— Не шевелится. Кукла. Я чувствую Узел… близко, очень близко. Чувствую силу, которая вливается в куклу — или, наоборот, из неё, но она не движется…
— Ты прав, — сказал Смычок. По его лицу медленно растекалась улыбка. — Он не движется. А вот его тень…
Спрут заворчал.
— Королева меня прибери, он прав. До чего всё это странно… хватит с меня. — Он резко поднялся. Было видно, что Спрут взволнован и потрясён. — Колдовство — это страшно. Я пошёл спать.
Ворожба неожиданно оборвалась. Флакон открыл глаза и оглядел остальных. Лицо его блестело от пота:
— Почему он не движется? Почему только его тень?
Смычок встал.
— Потому что он ещё не готов, парень.
Улыбка взглянула на сержанта.
— Но кто он? Сам Узел?
— Нет, — ответил Флакон, — нет, я в этом уверен.
Смычок молча вышел из круга.
Он будто держал осаду во мраке. Со всех сторон на него обрушивались голоса, норовя проломить стенки черепа. Мало того, что смерть солдат была на его совести; теперь они навеки были с ним. Их души кричали на него, тянули через врата Худа призрачные руки, вонзали пальцы в мозг.
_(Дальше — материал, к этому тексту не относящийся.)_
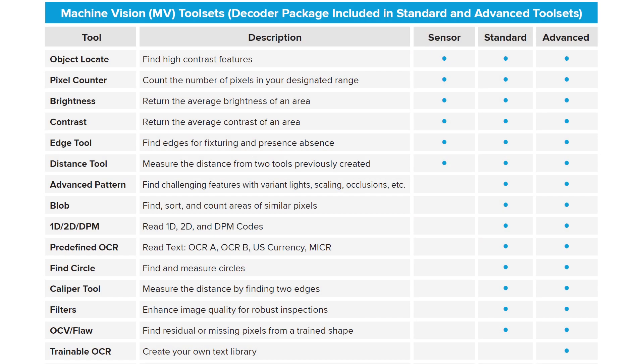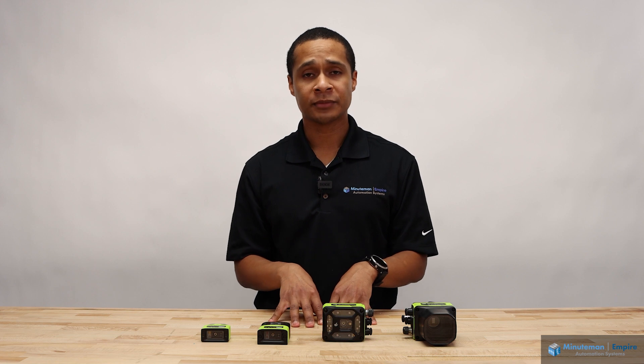Regarding the tool sets, here you can see there is a machine vision tool set available at three tiers: the first tier being your sensor, the next being your standard tier, and then the last being your advanced tier. As time goes on, more tool sets will be released to keep everything easy to use. Thank you for your time today.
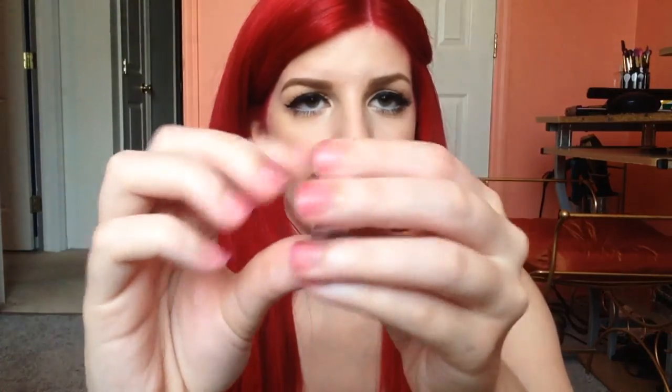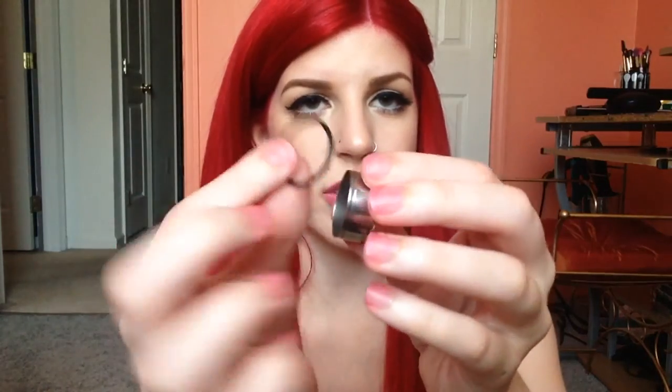Now the difference between single flare and double flare. Double flare means there are two flares, one on each side of the plug. Single flare has a flare on one side but the other side is flat, and single flares are held in place with O-rings that go around the flat end. With double flare, you don't need O-rings because the two flares keep the jewelry in your ear.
Гэмет хотел умереть. Он был не просто бесполезен. Он был обузой, частью воинства неумелых командиров, оставляющих за собой реки крови, строчкой в заплёванной унизительной истории, питавшей худшие страхи простых солдат.
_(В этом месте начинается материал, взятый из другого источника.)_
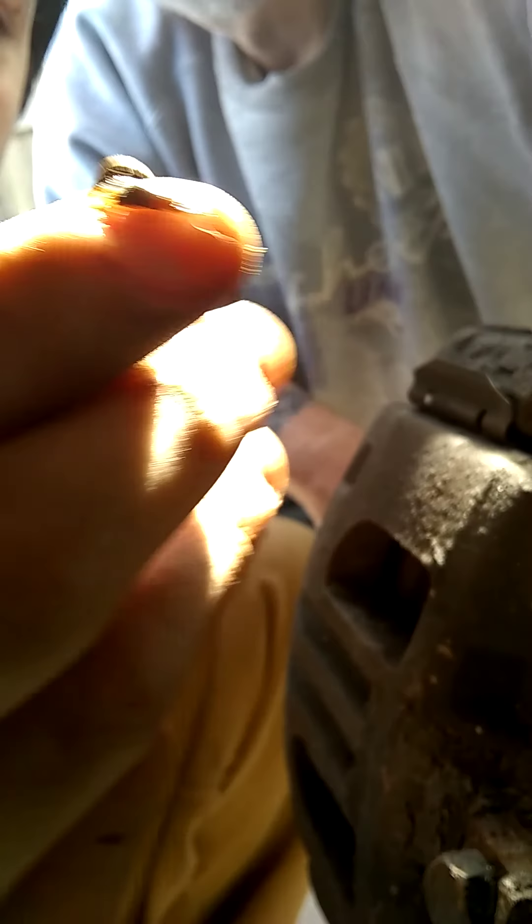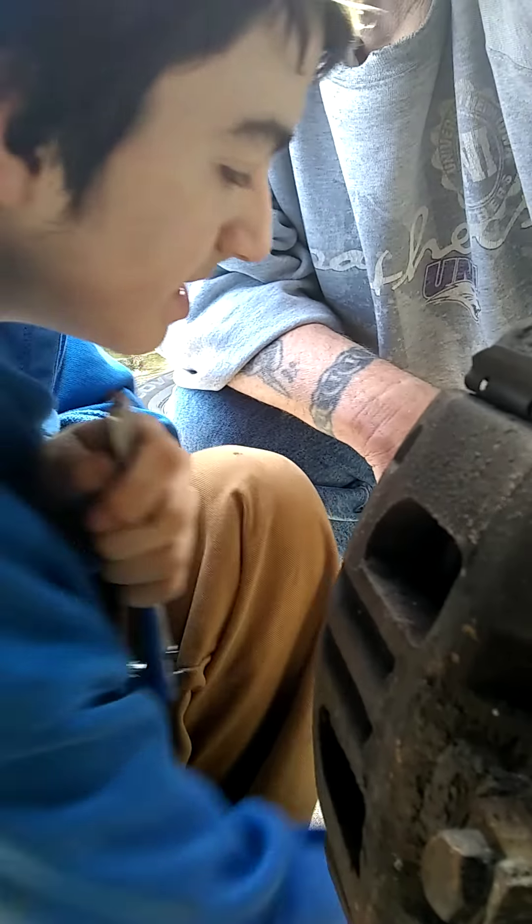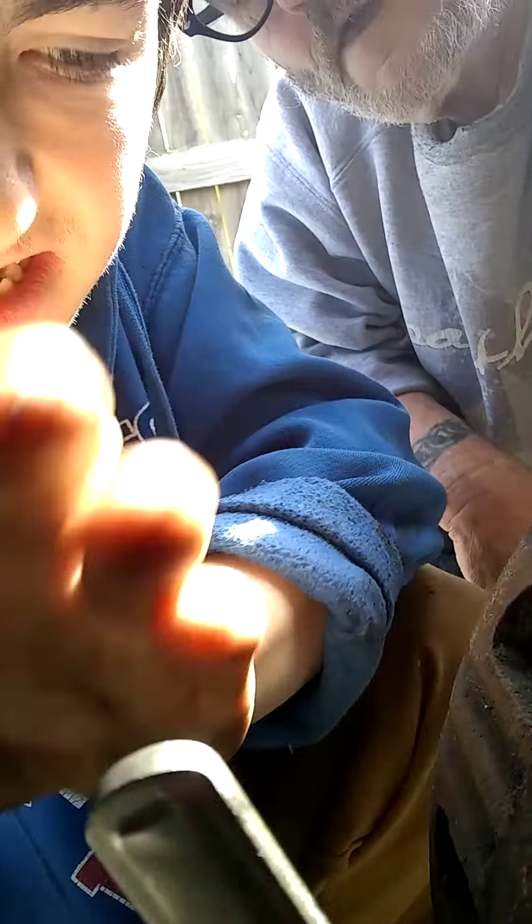That's not good — that is rust. Which means we need to grease it. The one that needs to be greased — let's see how bad this bottom one is.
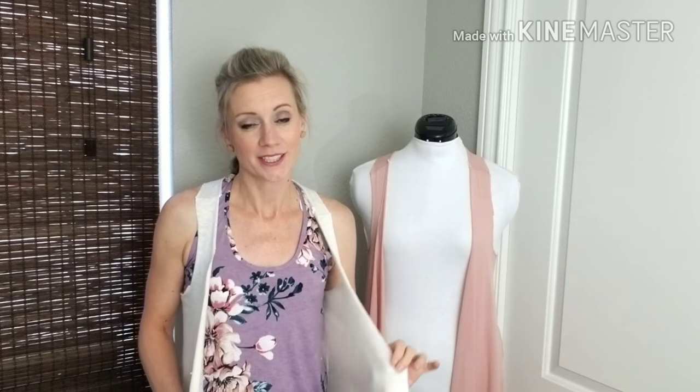I'm here today to show you a very quick and simple hack to the new Avery pattern from Made for Mermaids. I love this top — the twist back detail is so cute, and when I saw it I wanted to make this hack for an open front drape vest. It's a very relaxed style; the edges are left raw. You certainly could hem and finish them for a more polished look, but stick around for the tutorial to see how quickly this comes together.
Это сводило его с ума. Теперь он это понял. Голоса, парализующая неуверенность, постоянный озноб под палящим солнцем и вблизи теплого очага. И слабость, пронизывающая руки и ноги, разжижающая кровь так сильно, будто его сердце прокачивало по жилам грязную жижу.
Кенеб справится. Кенеб будет хорошим Кулаком легиона. Он не слишком стар, у него есть семья — есть за кого бороться, к кому вернуться, о ком волноваться. Это важные вещи. Умение надавить, жажда крови. Ничего из этого не было в жизни Гэмета.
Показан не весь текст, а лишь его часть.